= Beginning of Section =

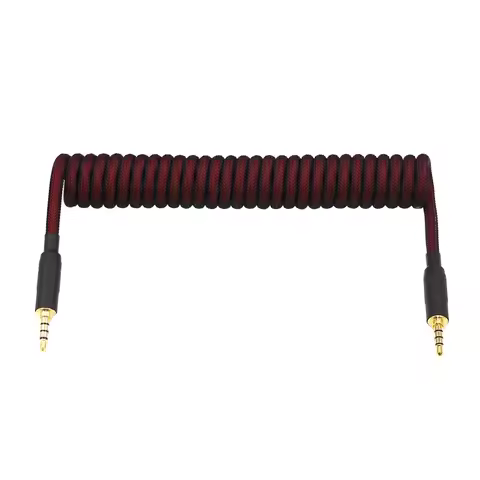 3.5mm Jack Black Straight TRRS Coil Coiled Cable for Split Keyboard RODE Sc7 By VIDEOMIC Video Micro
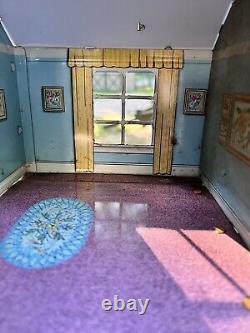 Marx Metal Vintage Doll House Tin Litho Two Story Colonial With Dormer 1950s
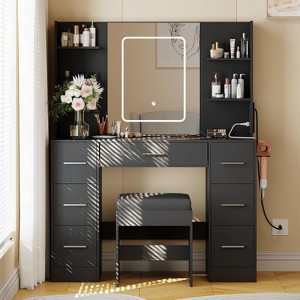 Vanity Desk with Mirror, Led Lights, Power Outlet and Stool, Makeup Vanity Table with 7 Drawers and 6 Storage Shelves - 1 of 4
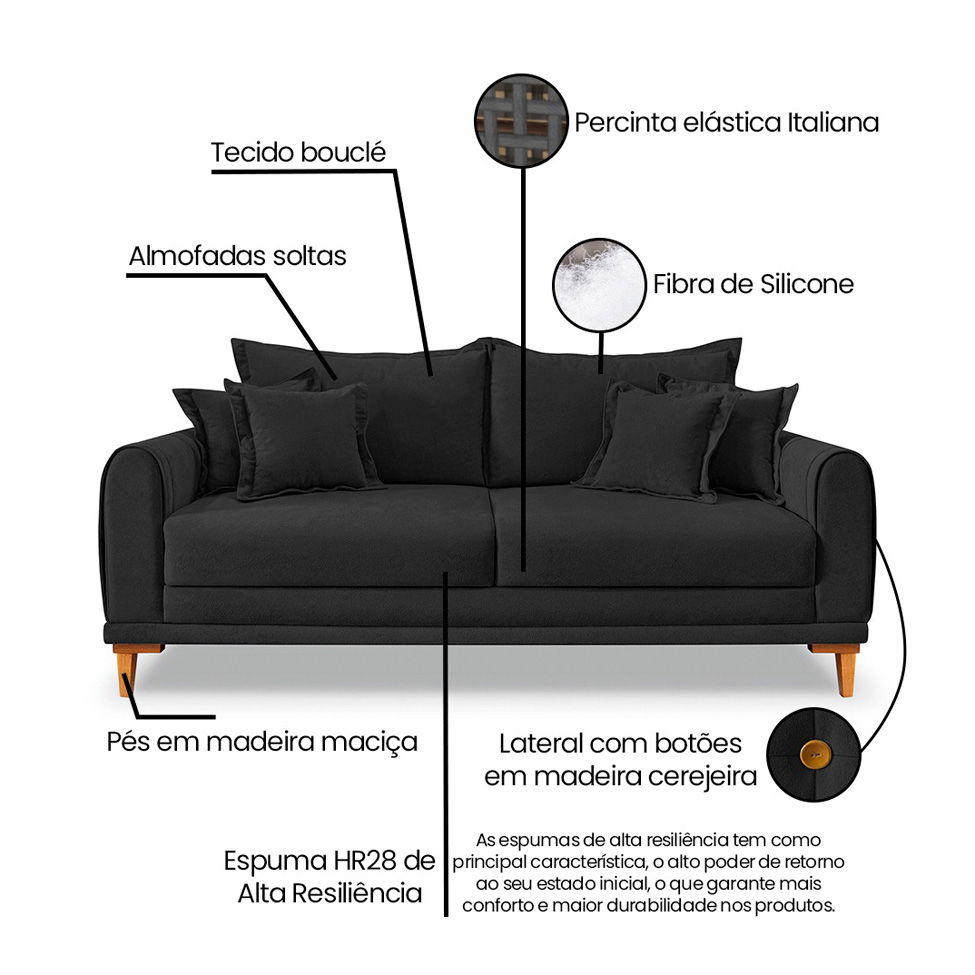 Sofá 3 Lugares Lisboa Bouclé Preto 220 cm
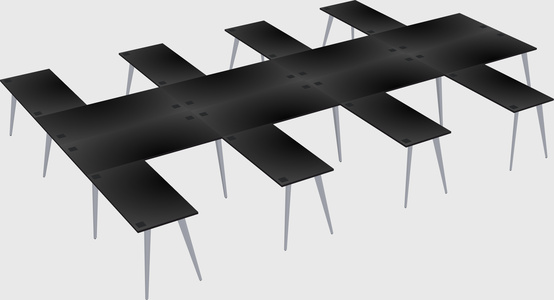 Shared l-shaped office desk system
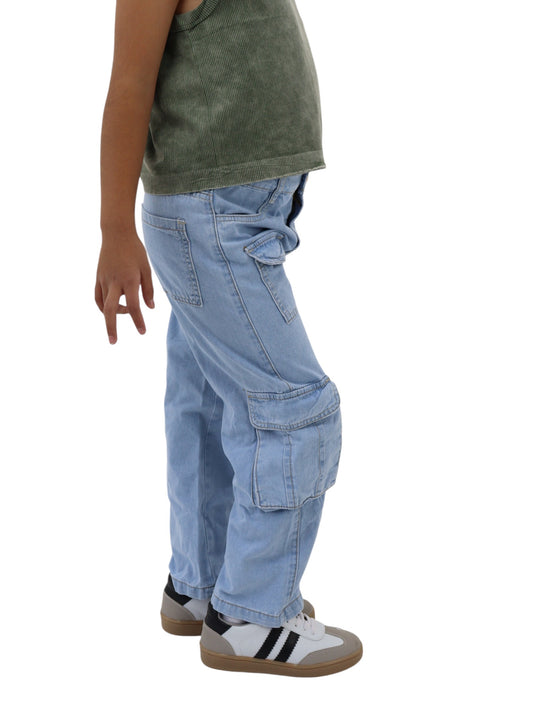 Jeans cargo azul claro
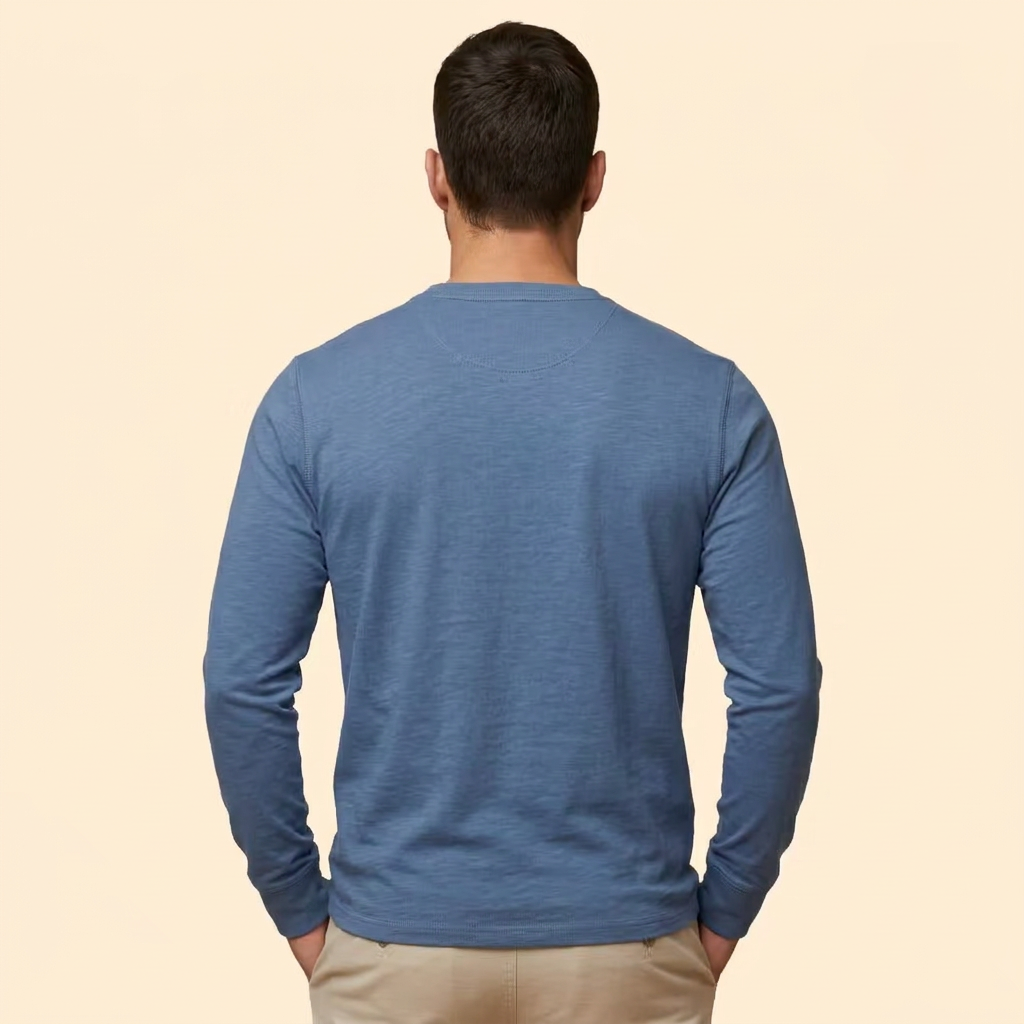 Men’s Casual T-Shirt with Henley Button Design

= End of Section =

Excluding all pictures, output exactly the lines from the line containing "Shared l-shaped office desk system" through the last line of the entries above.

Task solution:
 Shared l-shaped office desk system
 Jeans cargo azul claro
 Men’s Casual T-Shirt with Henley Button Design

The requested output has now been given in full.